The City agrees that all work rules shall be applied equally.
On December 4, 1993, Carlson issued the following:
To: Greg Johnson, President, Local 519
From: Keith Carlson, Manager
Subject: Work rule additions and clarifications
Date: December 4, 1993
The following items were discussed at our meeting of November 30, 1993. An official notice of rule change is forthcoming.
Please review these changes and let me know if you have any other ideas.
1. No Bus Operator may work more than 12.5 hours in one calendar day. In the event an operator must be relieved to keep from working more than 12.5 hours, the operator will be relieved at the Transit Center (5th & State), and at such time to allow his/her relief to work a minimum of two hours. Under no circumstances is an employee guaranteed 12.5 hours pay if they must be relieved prior to the end of a shift.
2. Extra list operators must physically work a minimum of 5.5 hours on Sunday to be credited with a Sunday worked on the "Extra List Sunday Schedule". The only exception would be if an extra list operator takes a paid vacation or personal business day.
3. As for pay for time between pieces of work. While we agreed in principle, I am reluctant to try to word a rule that may conflict with the labor agreement. Section 13, "Operator's Pull Out Time", addresses this issue, and if we want to clarify that clause during negotiations perhaps that is the place for it. We will continue to follow our understood past practice until that time.
If you need further information please contact me, thank you for your help in this matter.
When Carlson did not receive a response to his letter of December 4, 1993, he issued the following letter of January 5, 1994:
To: All MTU Employees
From: Keith Carlson, Manager
Subject: Addition to MTU Employee's Manual
Date: January 5, 1994
The following shall become part of the Municipal Transit Utility Employee's manual. Effective date January 12, 1994.
SECTION 3 "GENERAL PROCEDURES"
3.22Bus Operator Length of Day
No Bus Operator may work more than 12.5 hours in one calendar day.
In the event an operator must be relieved to keep from working more than 12.5 hours, the operator will be relieved at the Transit Center (5th & State), and at such time to allow his/her relief to work a minimum of two hours. Under no circumstances is an operator guaranteed 12.5 hours of pay if they must be relieved prior to the end of the shift.
3.16Extra List Policies
Extra list operators must physically work a minimum of 5.5 hours on Sunday to be credited with a Sunday worked on the "Extra List Sunday Schedule". The only exception would be if an extra list operator takes a paid vacation or personal business day.
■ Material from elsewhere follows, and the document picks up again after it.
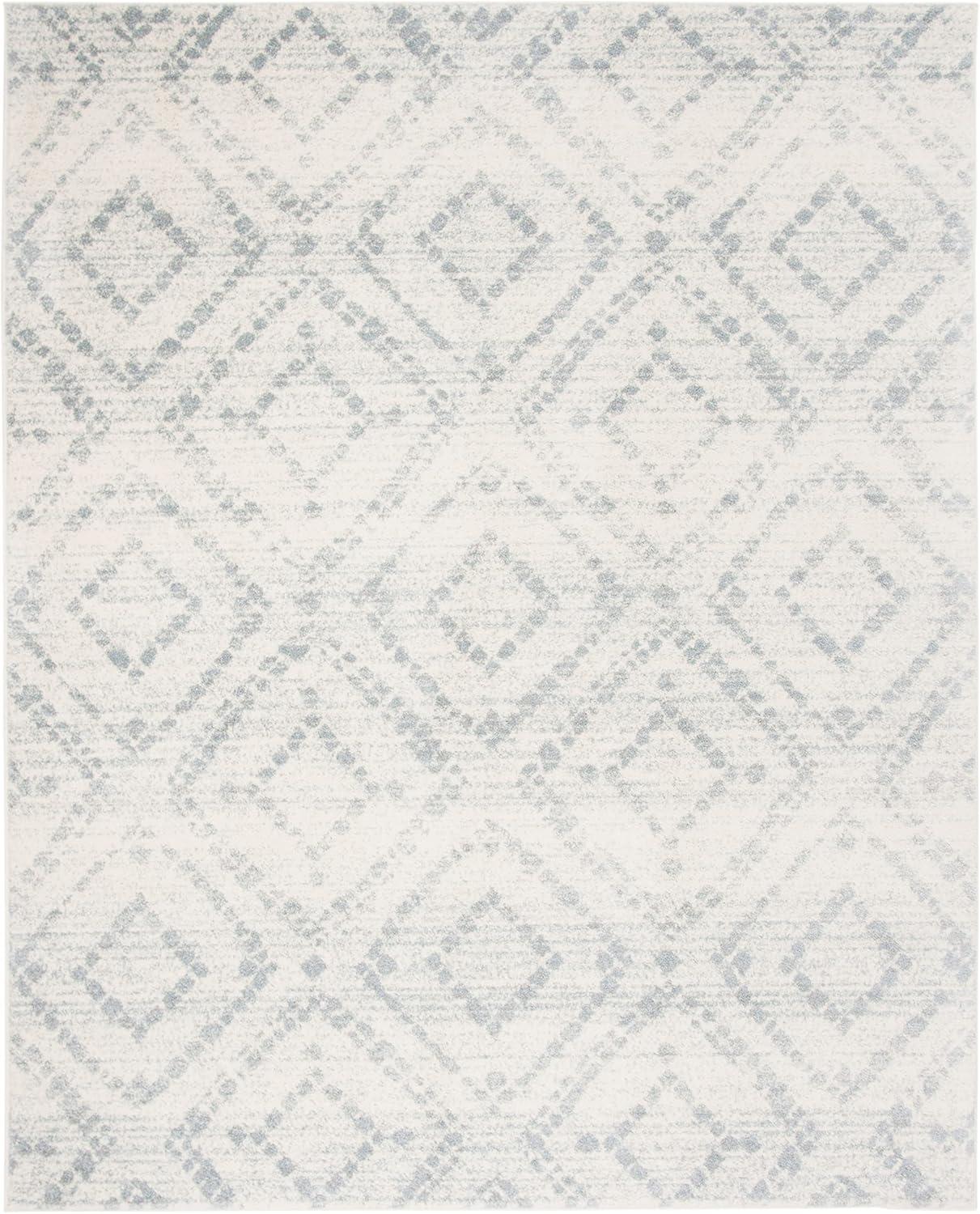 image:imageSAFAVIEH Area Rug 8x10 Adirondack Collection Large Ivory amp Light Blue Geometric Trellis Pattern NonShedding amp Easy Cleaning Ideal for Living Room Bedroom Office Dining Space ADR131TIvoryLight Blue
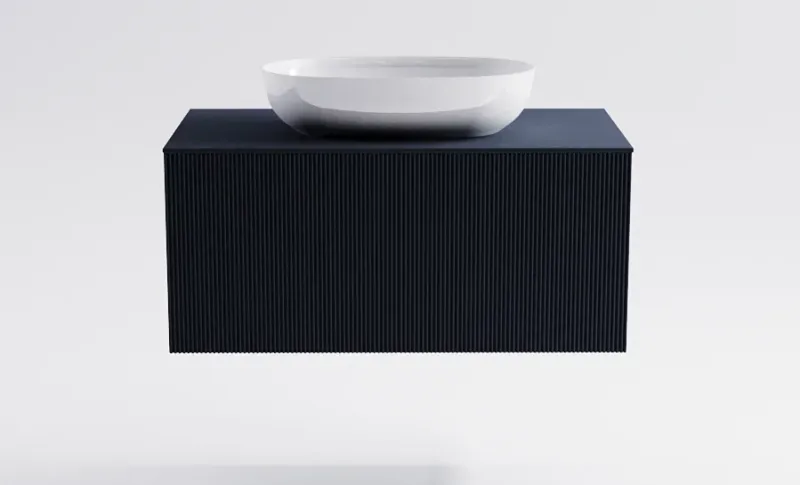 Тумба с раковиной Astra-Form М-40 4631177714863 90 см серый матовый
The Union responded by filing a grievance dated January 10, 1994, and which stated as follows:
NATURE OF GRIEVANCE (DETAILED STATEMENT): The proposed work rule change dated January 5, 1994. Local 519, believes that this rule change affects both wages, and hours so it must be negotiated.
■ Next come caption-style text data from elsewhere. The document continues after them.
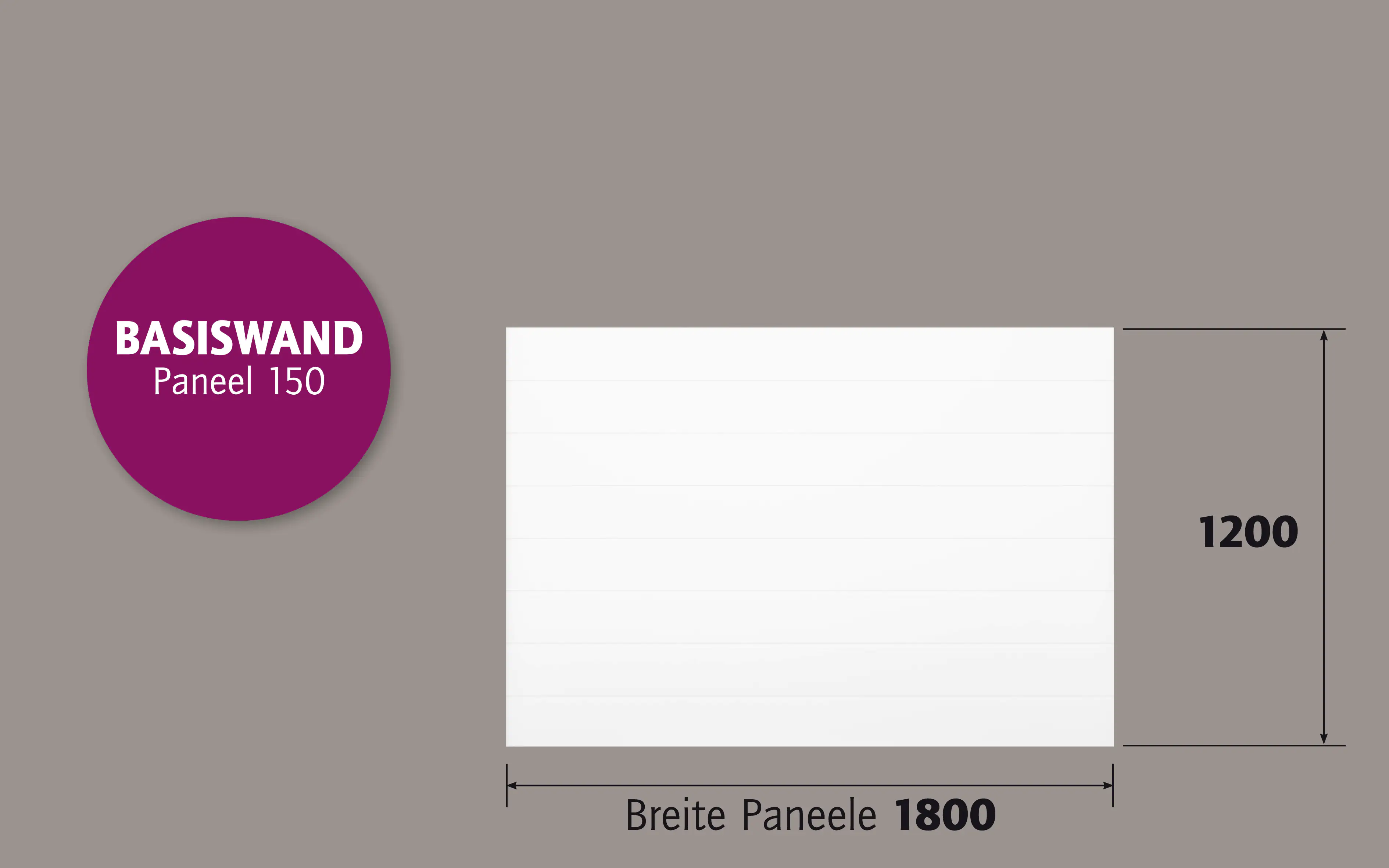 Ambiente Alu-Zaun Paneel 150 B x H: 180 cm x 120 cm, 22 mm stark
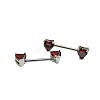 Heart Alloy Cubic Zirconia Nipple Barbell Rings WG1BFA6-04-2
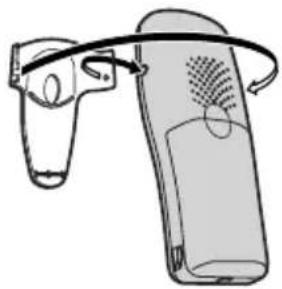 PANASONIC KX-TCD560 - Using the belt clip - 1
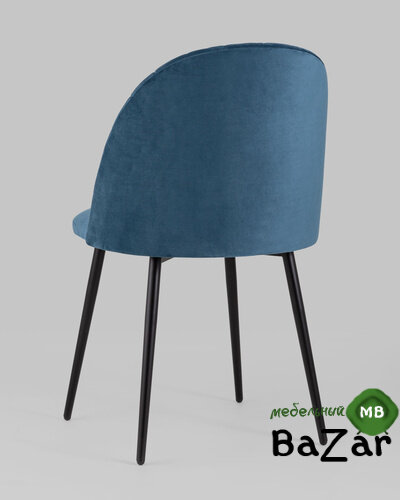 Стул Марсель велюр пыльно-синий Стул Марсель велюр пыльно-синий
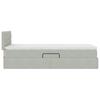 Storage Bed with Mattress Light Grey 100 x 200 cm Velvet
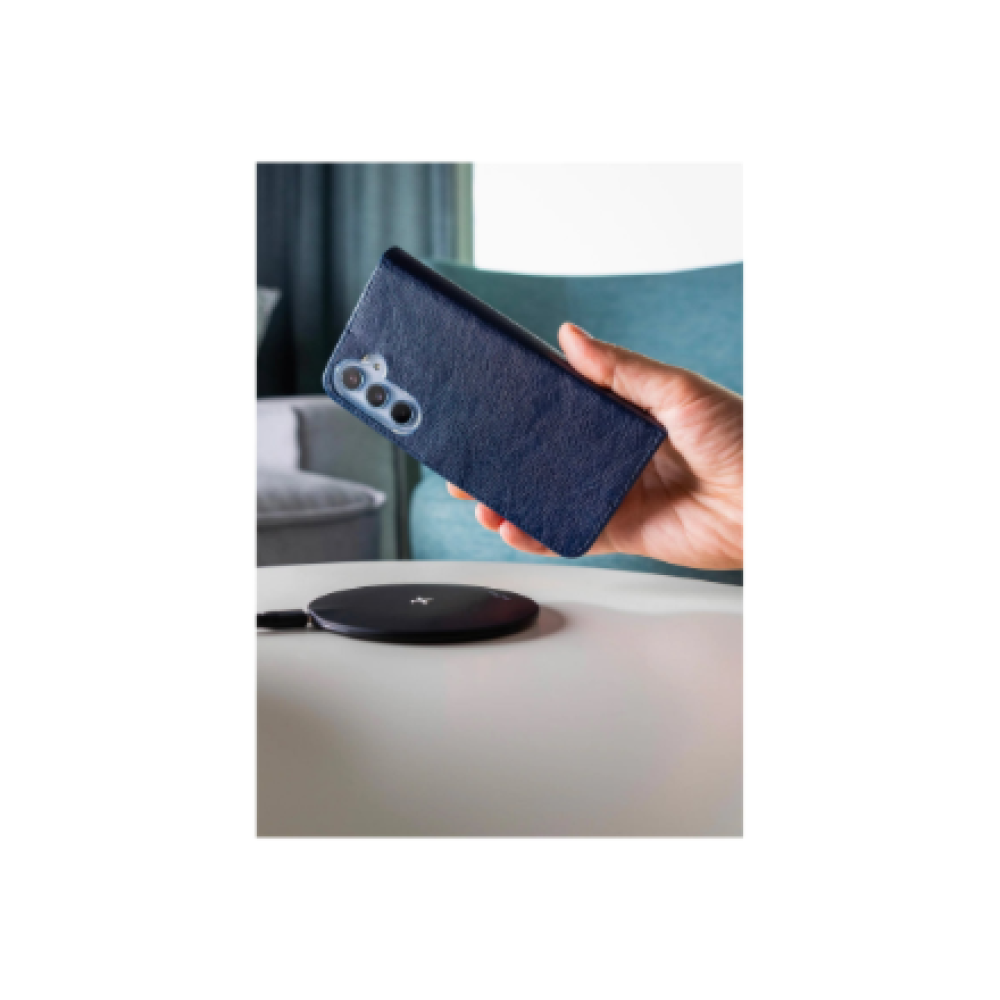 Fixed Opus , Book Case , Samsung , Galaxy A37 5G , Synthetic leather , Blue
CLAUSE OF CONTRACT VIOLATED SEC. 6 Management Rights
Sec. 22 Rules State Statute 111.70
SETTLEMENT DESIRED For the City not to implement this
proposed work rule, but to negotiate it as required by law.
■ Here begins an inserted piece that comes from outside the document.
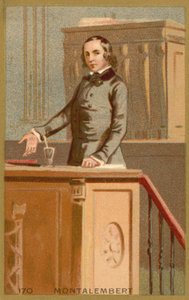 Charles Forbes René de Montalembert , francouzský historik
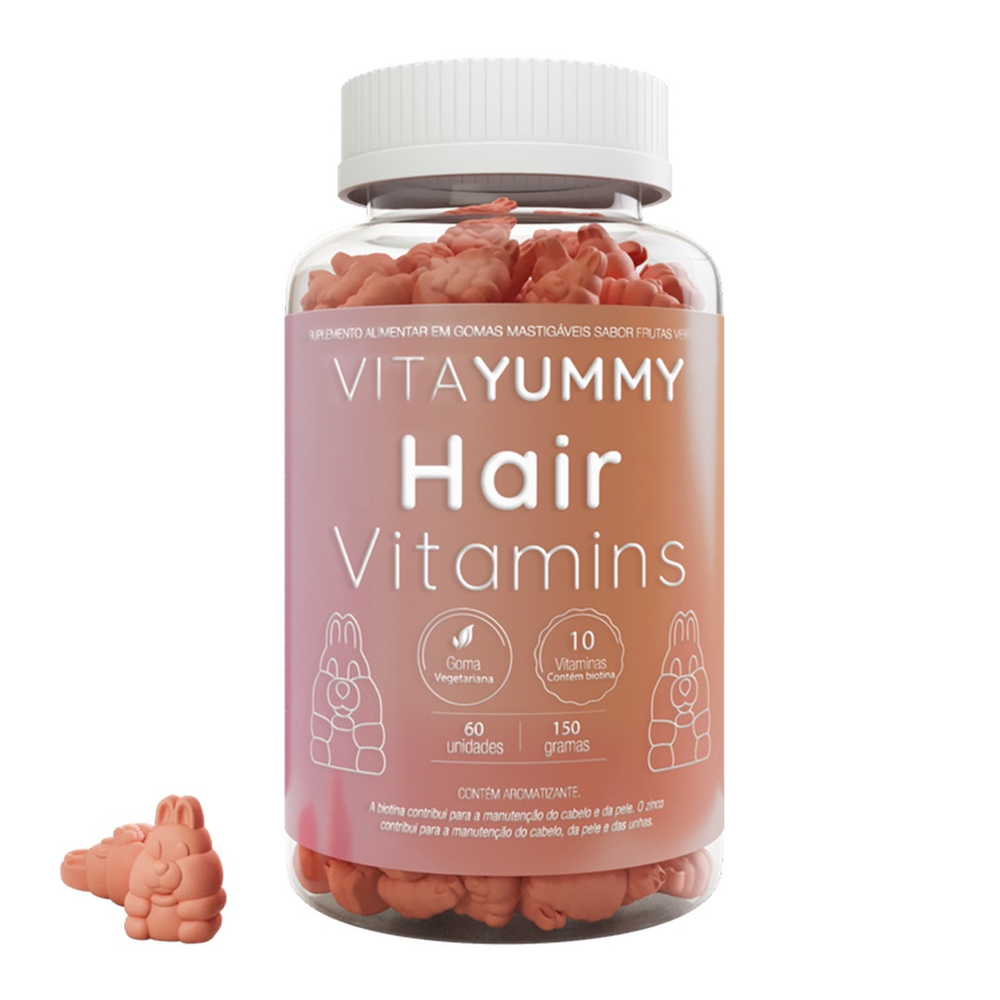 Vitayummy Hair Vitamins 60 unidades Vitamina em Gomas em Promoção na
On January 17, 1994, Transit Manager Carlson issued the following letter to Union President Gregory Johnson:
This letter is to confirm the Step #2 answer to the above captioned grievance.
In this case, the grievant alleges that the Municipal Transit Utility (MTU) violated Section 6, Management Rights, Section 22, Rules and Regulations, of the agreement and State Statute 111.70.
The work rule, 3.22 Bus Operator Length of Day, is consistent with what we discussed at our November 30, 1993 meeting and outlined in a memo to you on December 4, 1993. See attached memo. In fact, it was at your suggestion that we set the number of hours. In addition, the two hour minimum required in this rule is also consistent with a number of other situations that occur on a regular basis at the MTU.
This grievance is denied.
The memo attached to this letter was the memo of December 4, 1993.
On February 11, 1994, Personnel Director James Geissner issued the following letter to Union President Johnson:
This letter is to confirm that the time limits to hold a hearing and answer the above captioned grievance have been extended by mutual consent.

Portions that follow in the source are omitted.